Japanese anime icon Hayao Miyazaki’s gorgeous film, “The Boy and the Heron,” was featured in this year’s lineup. The film takes place in post-WWII Japan and tells the story of teenage boy Mahito, who, still grieving his mother’s death, moves to the countryside with his new stepmother. There, he befriends a gray heron who leads him on a quest in an alternate reality where he must save his stepmother and himself. Mayazaki’s latest film is definitely one of his best and is destined to become another classic.

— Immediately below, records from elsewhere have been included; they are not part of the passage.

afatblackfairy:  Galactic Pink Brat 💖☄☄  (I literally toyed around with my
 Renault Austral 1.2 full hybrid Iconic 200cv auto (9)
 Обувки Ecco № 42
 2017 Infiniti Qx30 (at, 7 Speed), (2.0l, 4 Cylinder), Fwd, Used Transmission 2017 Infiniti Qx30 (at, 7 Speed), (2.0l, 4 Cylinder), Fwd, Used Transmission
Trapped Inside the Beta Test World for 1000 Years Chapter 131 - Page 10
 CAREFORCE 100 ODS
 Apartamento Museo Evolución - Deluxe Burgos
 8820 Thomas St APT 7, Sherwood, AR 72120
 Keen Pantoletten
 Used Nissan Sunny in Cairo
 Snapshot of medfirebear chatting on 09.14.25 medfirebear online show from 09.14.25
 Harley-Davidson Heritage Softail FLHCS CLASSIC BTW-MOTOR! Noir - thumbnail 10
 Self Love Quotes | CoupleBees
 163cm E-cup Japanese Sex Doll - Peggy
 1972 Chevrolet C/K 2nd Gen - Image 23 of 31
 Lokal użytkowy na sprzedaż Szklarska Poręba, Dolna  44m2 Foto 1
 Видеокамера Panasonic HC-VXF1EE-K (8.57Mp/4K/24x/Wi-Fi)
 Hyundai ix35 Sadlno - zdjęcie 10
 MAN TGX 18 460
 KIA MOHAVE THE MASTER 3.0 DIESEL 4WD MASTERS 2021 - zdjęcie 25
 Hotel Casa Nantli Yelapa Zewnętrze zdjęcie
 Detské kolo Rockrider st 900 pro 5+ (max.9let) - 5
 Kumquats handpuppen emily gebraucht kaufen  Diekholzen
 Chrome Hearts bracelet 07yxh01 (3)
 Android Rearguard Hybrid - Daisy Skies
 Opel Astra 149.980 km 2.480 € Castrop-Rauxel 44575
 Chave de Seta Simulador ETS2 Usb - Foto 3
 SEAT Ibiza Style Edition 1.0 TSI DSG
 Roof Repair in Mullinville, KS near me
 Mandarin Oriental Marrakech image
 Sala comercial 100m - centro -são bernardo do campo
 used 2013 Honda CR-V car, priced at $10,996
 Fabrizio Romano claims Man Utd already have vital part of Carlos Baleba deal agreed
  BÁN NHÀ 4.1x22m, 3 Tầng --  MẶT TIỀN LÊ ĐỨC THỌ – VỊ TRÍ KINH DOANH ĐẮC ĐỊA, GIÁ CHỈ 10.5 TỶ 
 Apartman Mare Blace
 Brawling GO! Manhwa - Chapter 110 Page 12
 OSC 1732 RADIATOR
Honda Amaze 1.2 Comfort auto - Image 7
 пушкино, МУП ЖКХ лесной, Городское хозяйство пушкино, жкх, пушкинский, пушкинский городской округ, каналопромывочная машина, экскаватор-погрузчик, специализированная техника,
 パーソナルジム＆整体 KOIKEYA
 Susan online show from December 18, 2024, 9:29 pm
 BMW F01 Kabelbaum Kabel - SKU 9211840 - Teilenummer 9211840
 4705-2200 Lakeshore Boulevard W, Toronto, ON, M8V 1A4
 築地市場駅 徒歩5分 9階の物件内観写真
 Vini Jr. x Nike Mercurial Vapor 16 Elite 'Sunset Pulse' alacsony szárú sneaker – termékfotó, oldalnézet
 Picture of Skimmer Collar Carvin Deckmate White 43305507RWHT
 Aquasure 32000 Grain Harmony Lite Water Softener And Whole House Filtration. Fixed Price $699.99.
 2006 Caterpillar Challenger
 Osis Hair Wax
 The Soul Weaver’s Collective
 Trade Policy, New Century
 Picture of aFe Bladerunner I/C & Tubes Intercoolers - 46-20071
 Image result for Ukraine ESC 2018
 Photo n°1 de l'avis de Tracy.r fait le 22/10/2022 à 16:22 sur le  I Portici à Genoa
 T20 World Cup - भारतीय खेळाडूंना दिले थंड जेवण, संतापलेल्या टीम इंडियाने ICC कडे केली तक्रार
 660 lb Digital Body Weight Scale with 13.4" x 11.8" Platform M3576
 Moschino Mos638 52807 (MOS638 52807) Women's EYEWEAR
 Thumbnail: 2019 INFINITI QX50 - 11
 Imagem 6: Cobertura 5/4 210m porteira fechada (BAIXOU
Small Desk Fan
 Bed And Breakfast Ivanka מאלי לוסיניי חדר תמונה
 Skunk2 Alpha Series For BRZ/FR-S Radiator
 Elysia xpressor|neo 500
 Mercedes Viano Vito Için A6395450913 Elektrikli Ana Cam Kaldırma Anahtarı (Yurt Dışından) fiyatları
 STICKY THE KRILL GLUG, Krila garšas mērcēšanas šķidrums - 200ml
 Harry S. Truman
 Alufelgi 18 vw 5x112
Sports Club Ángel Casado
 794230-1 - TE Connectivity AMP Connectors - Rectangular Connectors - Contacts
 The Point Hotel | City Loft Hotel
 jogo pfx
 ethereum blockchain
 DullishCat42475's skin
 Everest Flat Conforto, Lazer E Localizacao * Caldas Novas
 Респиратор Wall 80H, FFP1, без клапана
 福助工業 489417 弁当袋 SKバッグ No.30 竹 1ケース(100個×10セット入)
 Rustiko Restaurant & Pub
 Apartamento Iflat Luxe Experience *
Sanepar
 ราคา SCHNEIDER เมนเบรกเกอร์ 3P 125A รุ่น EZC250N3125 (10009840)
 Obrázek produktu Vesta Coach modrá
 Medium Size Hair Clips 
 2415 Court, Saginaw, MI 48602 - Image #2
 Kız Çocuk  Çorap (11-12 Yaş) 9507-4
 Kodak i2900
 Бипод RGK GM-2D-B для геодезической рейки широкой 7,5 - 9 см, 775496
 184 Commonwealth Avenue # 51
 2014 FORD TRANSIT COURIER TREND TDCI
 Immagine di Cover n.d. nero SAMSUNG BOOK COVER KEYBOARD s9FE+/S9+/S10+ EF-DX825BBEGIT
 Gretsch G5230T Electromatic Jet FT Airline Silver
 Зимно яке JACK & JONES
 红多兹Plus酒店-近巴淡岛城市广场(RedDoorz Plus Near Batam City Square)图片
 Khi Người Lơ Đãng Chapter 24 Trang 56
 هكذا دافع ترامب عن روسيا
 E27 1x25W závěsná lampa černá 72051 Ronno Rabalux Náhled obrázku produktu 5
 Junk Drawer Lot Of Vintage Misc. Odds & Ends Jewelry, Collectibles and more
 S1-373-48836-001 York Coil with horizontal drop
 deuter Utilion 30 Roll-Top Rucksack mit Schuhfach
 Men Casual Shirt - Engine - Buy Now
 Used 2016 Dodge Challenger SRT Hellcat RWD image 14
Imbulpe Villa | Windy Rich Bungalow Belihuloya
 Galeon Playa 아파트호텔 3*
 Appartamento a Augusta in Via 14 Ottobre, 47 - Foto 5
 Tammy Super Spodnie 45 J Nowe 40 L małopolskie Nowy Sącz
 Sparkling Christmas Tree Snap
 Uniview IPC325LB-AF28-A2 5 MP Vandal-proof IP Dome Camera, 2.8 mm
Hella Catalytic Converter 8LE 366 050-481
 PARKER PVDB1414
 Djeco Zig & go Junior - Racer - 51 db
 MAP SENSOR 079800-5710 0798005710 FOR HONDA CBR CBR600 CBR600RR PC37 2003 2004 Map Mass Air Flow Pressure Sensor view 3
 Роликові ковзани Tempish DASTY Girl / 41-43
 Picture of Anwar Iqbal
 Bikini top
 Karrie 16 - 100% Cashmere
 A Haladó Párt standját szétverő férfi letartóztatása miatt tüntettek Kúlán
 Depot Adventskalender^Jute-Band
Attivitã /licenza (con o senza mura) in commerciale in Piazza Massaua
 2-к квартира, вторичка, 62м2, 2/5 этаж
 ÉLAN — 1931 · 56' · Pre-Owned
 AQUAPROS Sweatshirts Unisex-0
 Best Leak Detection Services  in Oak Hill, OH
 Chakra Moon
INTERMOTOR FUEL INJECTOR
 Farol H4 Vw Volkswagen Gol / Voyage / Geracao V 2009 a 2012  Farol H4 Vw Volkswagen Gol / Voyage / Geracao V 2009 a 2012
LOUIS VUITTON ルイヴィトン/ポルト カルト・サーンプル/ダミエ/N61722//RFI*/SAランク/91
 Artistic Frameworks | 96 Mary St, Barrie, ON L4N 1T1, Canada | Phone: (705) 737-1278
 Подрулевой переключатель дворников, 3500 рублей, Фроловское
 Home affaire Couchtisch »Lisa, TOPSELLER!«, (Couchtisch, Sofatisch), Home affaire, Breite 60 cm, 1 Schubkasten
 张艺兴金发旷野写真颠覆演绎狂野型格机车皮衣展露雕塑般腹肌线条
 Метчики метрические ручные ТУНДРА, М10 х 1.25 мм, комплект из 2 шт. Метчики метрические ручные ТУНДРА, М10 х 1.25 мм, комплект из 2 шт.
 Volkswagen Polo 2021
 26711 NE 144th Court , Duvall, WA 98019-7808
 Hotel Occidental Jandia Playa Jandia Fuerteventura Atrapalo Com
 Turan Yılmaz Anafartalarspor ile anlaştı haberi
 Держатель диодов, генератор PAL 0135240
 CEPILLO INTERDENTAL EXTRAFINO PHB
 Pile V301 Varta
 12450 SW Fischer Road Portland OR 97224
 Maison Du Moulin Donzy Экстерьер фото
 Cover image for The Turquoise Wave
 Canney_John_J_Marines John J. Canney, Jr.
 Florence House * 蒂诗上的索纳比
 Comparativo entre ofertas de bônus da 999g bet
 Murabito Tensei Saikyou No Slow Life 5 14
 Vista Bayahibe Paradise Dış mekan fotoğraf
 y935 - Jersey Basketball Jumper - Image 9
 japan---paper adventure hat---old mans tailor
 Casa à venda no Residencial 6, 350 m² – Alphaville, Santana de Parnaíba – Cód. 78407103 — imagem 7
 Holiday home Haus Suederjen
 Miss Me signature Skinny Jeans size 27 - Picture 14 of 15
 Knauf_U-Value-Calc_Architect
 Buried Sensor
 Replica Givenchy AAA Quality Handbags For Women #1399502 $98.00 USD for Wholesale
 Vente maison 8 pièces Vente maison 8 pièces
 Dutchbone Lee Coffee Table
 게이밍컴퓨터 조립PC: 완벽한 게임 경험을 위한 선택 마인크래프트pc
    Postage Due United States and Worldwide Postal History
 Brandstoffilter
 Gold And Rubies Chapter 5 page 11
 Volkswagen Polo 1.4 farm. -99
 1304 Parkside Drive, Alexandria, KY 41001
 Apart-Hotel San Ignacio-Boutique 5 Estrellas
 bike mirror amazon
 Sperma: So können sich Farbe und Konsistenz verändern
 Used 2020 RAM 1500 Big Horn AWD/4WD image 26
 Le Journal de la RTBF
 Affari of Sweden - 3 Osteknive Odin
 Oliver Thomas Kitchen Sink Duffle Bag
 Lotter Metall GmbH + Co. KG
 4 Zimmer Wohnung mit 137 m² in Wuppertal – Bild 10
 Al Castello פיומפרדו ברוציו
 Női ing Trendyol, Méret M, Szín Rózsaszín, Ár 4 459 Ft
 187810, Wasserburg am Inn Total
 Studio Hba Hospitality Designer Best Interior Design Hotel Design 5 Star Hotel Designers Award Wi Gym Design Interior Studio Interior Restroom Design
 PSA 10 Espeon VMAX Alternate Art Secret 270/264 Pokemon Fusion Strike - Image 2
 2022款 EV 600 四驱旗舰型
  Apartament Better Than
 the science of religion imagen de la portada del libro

The festival also featured a few remarkable debuts. Sean Price Williams, who has most notably worked as the Safdie brothers’ longtime director of photography, made his first directorial effort with the raucously hilarious “The Sweet East.” In the film, Talia Ryder plays a high school senior who, while on a school trip to Washington, D.C., separates from her classmates and begins to embark on a Great American Road Trip (of sorts), weaving through several subcultures that make up the gritty underbellies of modern life in America.
Another phenomenal directorial debut is Raven Jackson’s “All Dirt Roads Taste of Salt.” Like Williams’ “Sweet East,” Jackson traces a young woman’s personal journey, albeit in a much different tone. “All Dirt Roads” delicately follows the life of a young Black woman as she grows up in rural Mississippi. With little dialogue, Jackson creates an impressionistic film that lingers on the details of sounds and imagery to convey its story. “All Dirt Roads Taste of Salt” opens for regular screenings Nov. 3 at Film at Lincoln Center.
Though staggeringly diverse, the films of NYFF were united in their quests towards the eternal questions of what it means to make art from life and how cinema can connect us with the past, understand the present and imagine the future.